COLLECTED DATA: Begin
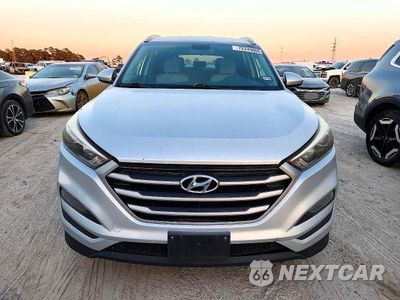 Piąte zdjęcie samochodu w środku: 2018 HYUNDAI TUCSON SEL VIN:KM8J33A48JU677026 - miniatura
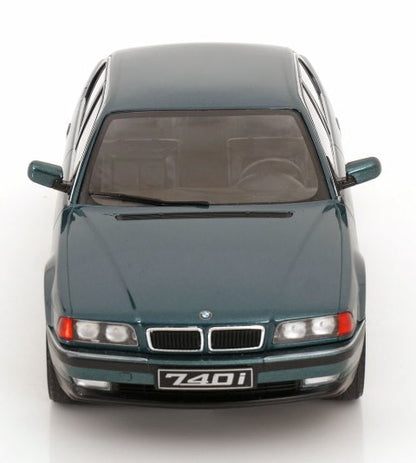 [ Pre-order ] KKDC180368 KK scale 1:18 BMW 740i E38 1994 Green Metallic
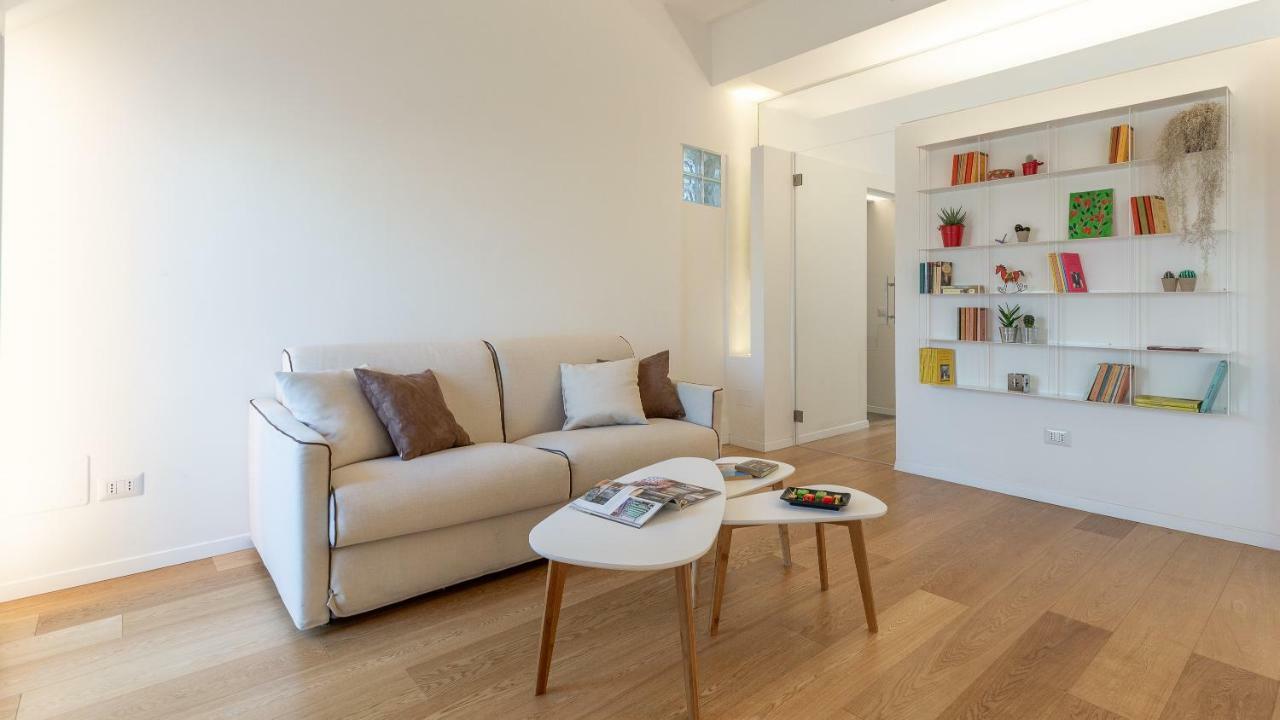 Stunning View Apartment Milaan Buitenkant foto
COLLECTED DATA: End
> [ABOUT THIS EXERCISE] Output each line exactly as shown above; no pictures go in the copy.

> [TASK RESULT]
 Piąte zdjęcie samochodu w środku: 2018 HYUNDAI TUCSON SEL VIN:KM8J33A48JU677026 - miniatura
 [ Pre-order ] KKDC180368 KK scale 1:18 BMW 740i E38 1994 Green Metallic
 Stunning View Apartment Milaan Buitenkant foto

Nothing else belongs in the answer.